Wenn es das Global Village gibt, dann stinkt es auf seinem Marktplatz erbärmlich. Und es sind nicht nur die Verwesungsdünste von Lady Di inclusive dazugehörigem Floristenmüll, die hier das ihrige beitragen. Auch die gegenwärtige Attraktivität anderer Zombies, vom Oberschäfer Johannes P. d. II bis zu den Christen-Fundis in den Staaten, spricht dafür, daß das Bewußtsein der Massen vielleicht nicht am Ende der Geschichte angekommen, zeitweilig aber in der Klärgrube versunken ist. Von Aufklärung oder gar Umwälzung der Besitz- und Produktionsverhältnisse will dort unten natürlich niemand was wissen.

Die Hälfte der Weltbevölkerung, 2,5 Milliarden Menschen, hatte sich entschieden, der „gruselig frisierten Bohnenstange mit dem devoten Dackelblick“ (G. Henschel) die letzte Ehre zu erweisen. Angesichts jenes Faktums muß man nicht unbedingt an die Wiederkehr einer breit legitimierten Adelsherrschaft glauben, auch wenn die „Medienmadonna“ (Spiegel) vorallem nach ihrem Entschwinden aller Orten als Reinkarnation eines reformierten Monarchismus präsentiert wurde. Völlig verblödet aber muß ein Mensch sein, wenn er in der Trauerhysterie, die einsetzte, nachdem ein Gegenstand mit relativ geringer Konsistenz aber hoher Geschwindigkeit auf einen anderen Gegenstand mit geradezu sturer Festigkeit auftraf, einen „elementaren Widerstand gegen die Entwertung des Menschen durch immer globalere Verwertungsmechanismen“ (Spiegel) vermutet.

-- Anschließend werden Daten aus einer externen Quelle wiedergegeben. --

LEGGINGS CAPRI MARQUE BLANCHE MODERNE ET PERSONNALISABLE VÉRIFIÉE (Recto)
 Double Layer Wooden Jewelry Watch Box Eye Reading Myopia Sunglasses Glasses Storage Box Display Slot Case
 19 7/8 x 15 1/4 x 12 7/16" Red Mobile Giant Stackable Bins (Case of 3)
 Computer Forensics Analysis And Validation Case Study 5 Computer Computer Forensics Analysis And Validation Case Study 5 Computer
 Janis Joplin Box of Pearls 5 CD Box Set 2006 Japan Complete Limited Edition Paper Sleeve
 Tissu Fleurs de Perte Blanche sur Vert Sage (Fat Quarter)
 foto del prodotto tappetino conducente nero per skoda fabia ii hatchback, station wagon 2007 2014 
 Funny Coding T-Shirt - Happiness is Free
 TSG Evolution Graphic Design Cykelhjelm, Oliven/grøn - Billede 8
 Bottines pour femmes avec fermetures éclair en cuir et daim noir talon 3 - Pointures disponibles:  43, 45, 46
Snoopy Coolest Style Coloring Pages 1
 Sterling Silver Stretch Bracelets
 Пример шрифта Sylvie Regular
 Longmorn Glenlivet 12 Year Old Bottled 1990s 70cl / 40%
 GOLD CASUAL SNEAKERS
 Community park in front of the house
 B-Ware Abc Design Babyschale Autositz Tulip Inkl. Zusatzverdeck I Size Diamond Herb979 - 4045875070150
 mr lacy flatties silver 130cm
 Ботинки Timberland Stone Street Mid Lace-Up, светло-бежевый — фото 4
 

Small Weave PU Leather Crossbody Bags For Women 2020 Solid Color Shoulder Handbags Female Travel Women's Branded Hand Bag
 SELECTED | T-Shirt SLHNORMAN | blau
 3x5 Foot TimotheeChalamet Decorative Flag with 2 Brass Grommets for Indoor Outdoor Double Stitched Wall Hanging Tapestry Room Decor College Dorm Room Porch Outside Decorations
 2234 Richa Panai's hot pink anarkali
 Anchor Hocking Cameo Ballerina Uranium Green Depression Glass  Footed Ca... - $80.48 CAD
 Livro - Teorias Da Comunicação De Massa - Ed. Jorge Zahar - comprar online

natur, 10.4k Doch was sollten die Medien auch machen, als sich ihnen offenbarte, daß ihr Publikum vorhatte die Welt in eine Klappsmühle zu verwandeln. So lange die Anstalt nach den alten Bedingungen funktioniert, und diese versprach darüberhinaus eine noch nie erreichte Profitmaximierung (Auflagensteigerungen bis zu 50%), war man sich keiner Idiotie zu schade. Sie mußten dabei sein, ja den Anschein erwecken, als erste den Geist der Zeit verstanden zu haben und da macht es sich nicht gut, den Betroffenheitstaumel als banale Regression des menschlichen Denkens zu kennzeichnen. Und ganz böse wurde man denen, die es wagten, des Volkes Idol als Konstruktion der Medien zur Befriedigung von Scheinbedürfnissen zu beschreiben (Paul Virilio).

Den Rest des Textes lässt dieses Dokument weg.